第十二話

伊香保の町に乱歩展を見る

 『不如帰』や『自然と人生』で知られる蘆花徳冨健次郎(1868−1927)は、三十一歳で初めて群馬県の伊香保に遊んで以来、この地を「生の策源地」と定め、夫人とともにたびたび足を運んだ。晩年、病を得たのちも重態を押して伊香保に転地し、昭和2年秋、この地で臨終を迎えている。
 その伊香保の温泉街に建つ徳冨蘆花記念文学館で、10月6日、企画展「江戸川乱歩展……郷愁の迷宮」が開幕した。11月26日まで二か月近くにわたって、乱歩の著書や遺品、写真などが展示され、遠近からの乱歩ファンでにぎわっている。
 三連休の中日となった11月4日、榛名山麓の斜面に開かれた伊香保の町を訪れ、乱歩展を通覧した。会場の写真を中心に、展示内容をご紹介する。
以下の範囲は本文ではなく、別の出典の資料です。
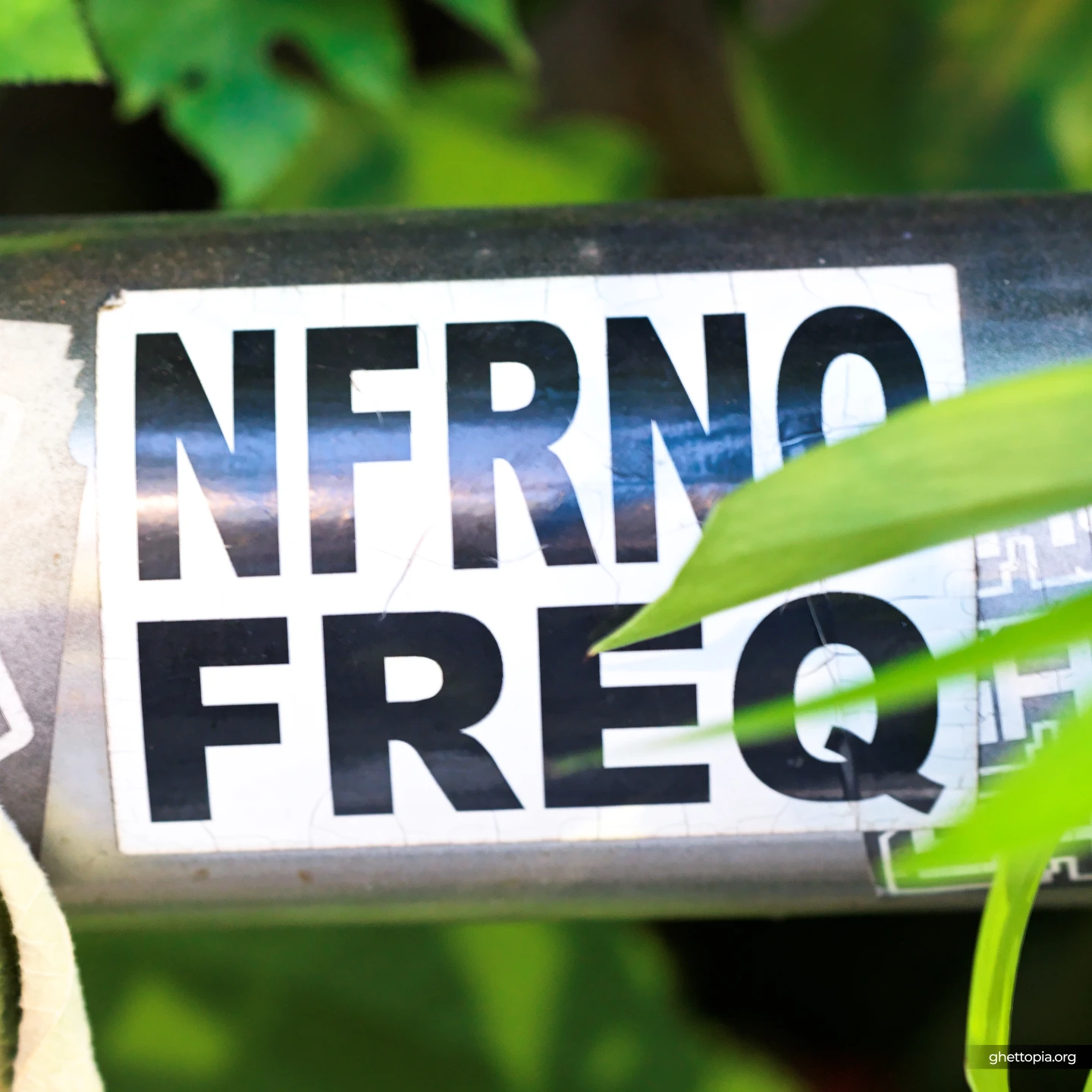 NFRNO FREQ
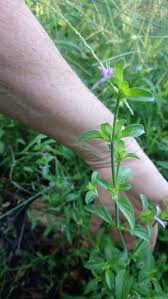 Image result for Dicliptera clinopodia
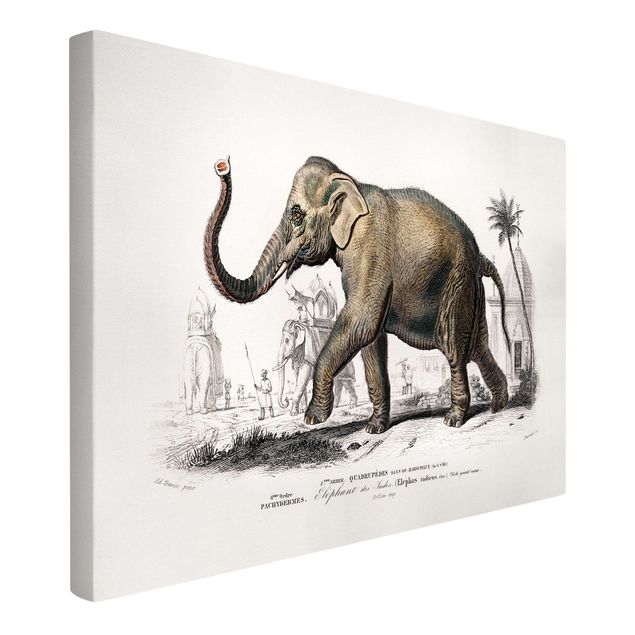 Print on canvas - Vintage Board Elephant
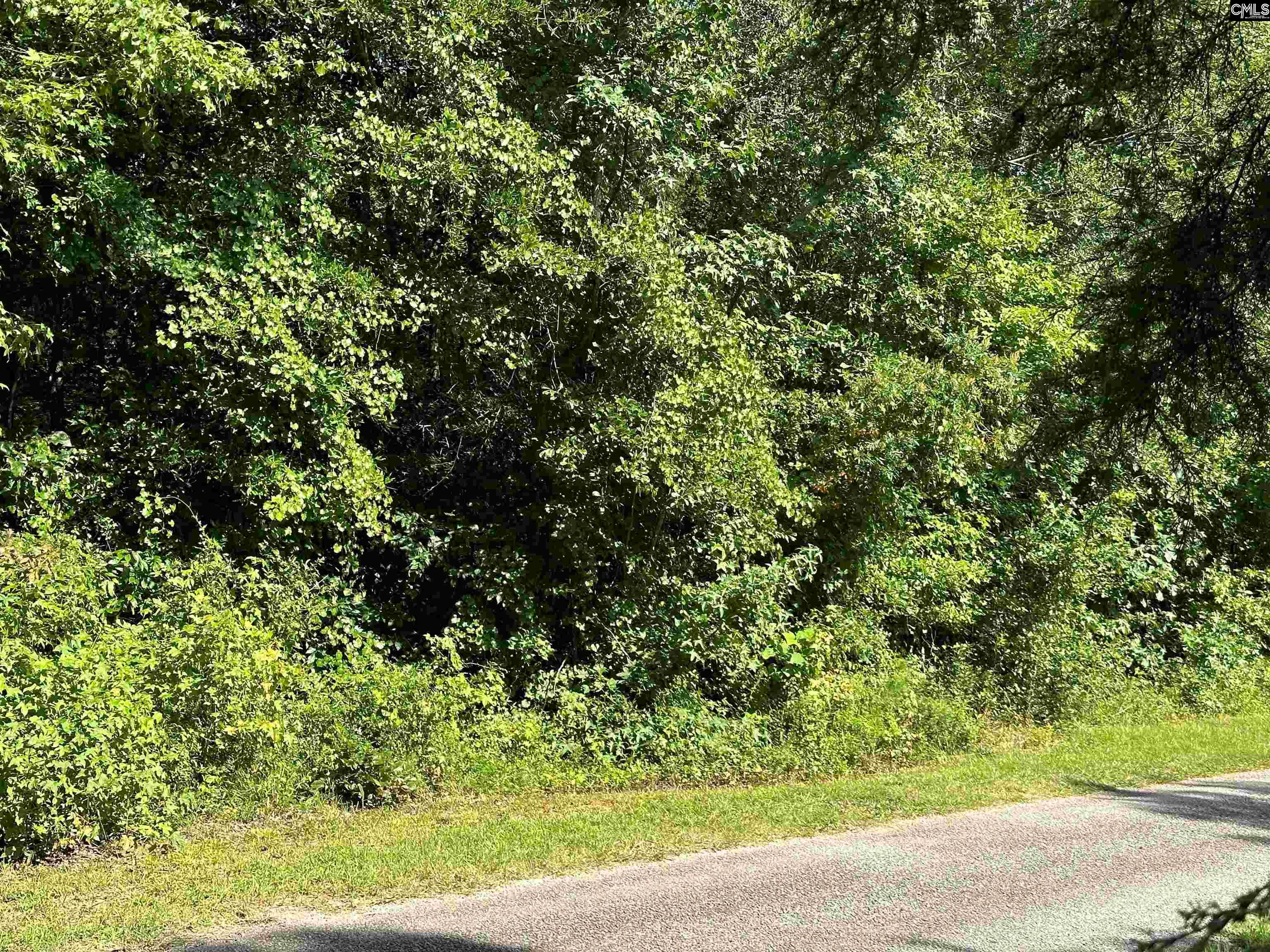 Hoover Lane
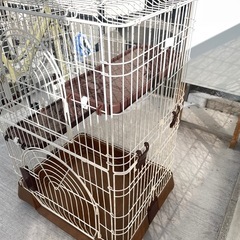 猫ゲージ(キャットゲージ)の画像
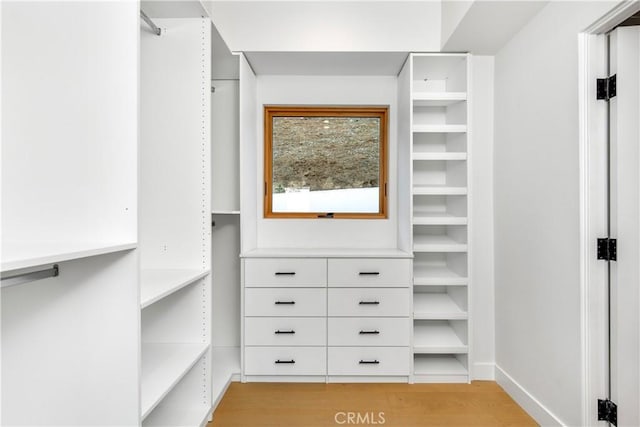 spacious closet featuring light hardwood / wood-style floors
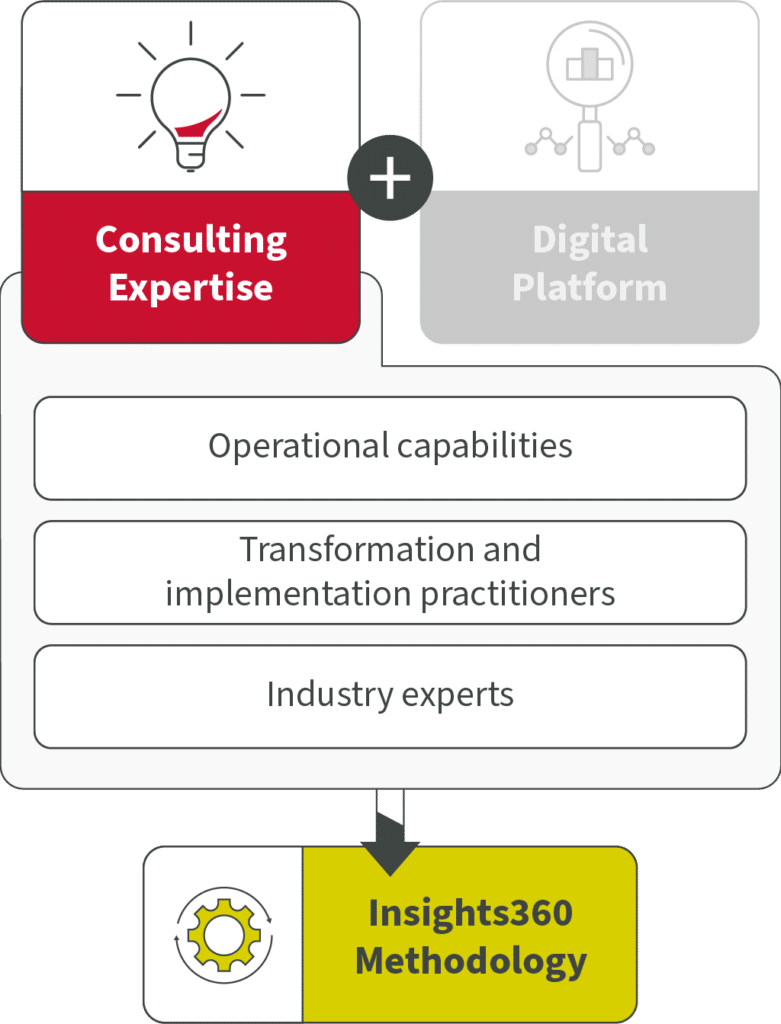 Consulting Expertise Model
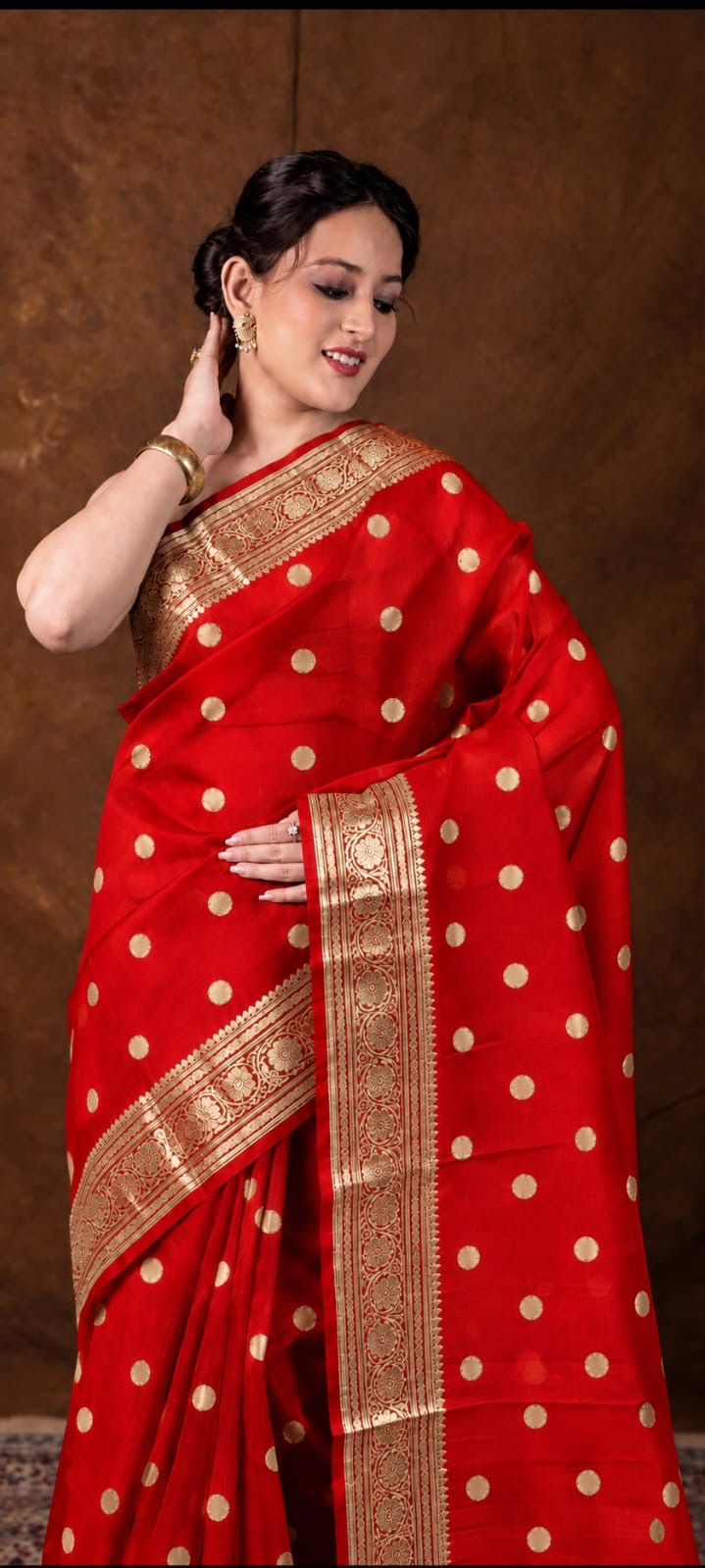 Banarasi Kora Organza Sari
 入場者は企画展示室入口で怪人二十面相の出迎えを受ける。出展総数は約二百。七十平方メートルと比較的小さな展示室ながら、展示内容は充実していた

 壁面には乱歩の年譜と写真、ケースには著書が並ぶ。熱心に見入るのは福島県と愛媛県から訪れた乱歩ファン。高崎で電車を乗り間違えたため、名もない小駅で途中下車してタクシーに揺られること一時間半、ようやく会場に到着したところである

ケースに展示された乱歩の著書。上段左から『緑衣の鬼』『人間豹』『孤島の鬼』『吸血鬼』『陰獣』『現代大衆文学全集第三巻』、下段左から『黒蜥蜴・妖虫』『江戸川乱歩全集』『猟奇の果』『悪人志願』『蜘蛛男』。いずれも乱歩の蔵書を借りて出展された極美本

 手前奥から、乱歩愛用の映写機、少年ものドラマの台本、日本探偵作家クラブ賞のポー像、江戸川乱歩賞のホームズ像、色紙「うつし世はゆめ よるの夢こそまこと」。壁面には乱歩晩年の写真と、ほぼ中央に棟方志功が手がけた「宝石」の表紙

 壁面奥から、掛軸「夕立はまだ降りやまず夏の月」、還暦を記念して松野一夫が描いた肖像画、扁額「琴 詩 酒」などが並ぶ。手前に見える横長の分厚い冊子は、近く東京創元社から復刻版が出版される『貼雑年譜』。その横の文机と机上の硯箱、電気スタンドなどは、名張市立図書館乱歩コーナーから出展した乱歩の遺品

 壁面に掲げられたのは竹中英太郎描く「盲獣」の挿絵原画。右は黄金仮面をデザインした平凡社版乱歩全集の店頭広告(画=岩田専太郎)。手前には左から、少年探偵団シリーズの掲載誌、挿絵、単行本、さらに少年探偵団手帳や BD バッジ、怪人二十面相かるた、少年探偵団ゲームなどが並ぶ

 「押絵と旅する男」の舞台となった凌雲閣の模型。「ちょっと高台へ登りさえすれば、東京中どこからでも、その赤いお化けが見られたものです」という十二階は、「郷愁の迷宮」というこの企画展のテーマを象徴する

 覗きからくりを模した展示品。上に掲げた羽子板で押絵の形状を説明し、下の覗き穴に眼を寄せると吉祥寺の書院らしき絵が見える仕掛け。BGM には「押絵と旅する男」そのままに、「膝でつっつらついて、眼で知らせ」という「変な節廻し」が流れていたが、これは大道芸を収録したレコードから探してきたものという


 「江戸川乱歩展……郷愁の迷宮」は11月26日まで。開館時間は午前8時30分から午後5時(入館は4時30分まで)。会期中無休。入館料は大人四百五十円、小人二百五十円。
 徳冨蘆花記念文学館は、〒377−0102、群馬県北群馬郡伊香保町大字伊香保614−8、電話0279・72・2237。上越線渋川駅から伊香保温泉行きバス終点下車徒歩七分、関越自動車道渋川伊香保 IC から車で二十分。
 館内常設展示室では徳冨蘆花に関する展示が行われているが、壁に掲げられた文学年表には、列記された文学作品とはかなり異質な感じで乱歩の「陰獣」がちょこっと記載されており、乱歩ファンなら思わず「よくできました」と快哉を叫ぶにちがいない。館内には「蘆花終焉の部屋」が再現されており、蘆花が臨終を迎えたベッドも公開されていたが、これは少々薄気味の悪さを感じさせる部屋であった。
 蘆花の命日は9月18日。毎月18日にこの文学館を訪れると、命日にちなんだ茶席が設けられているという。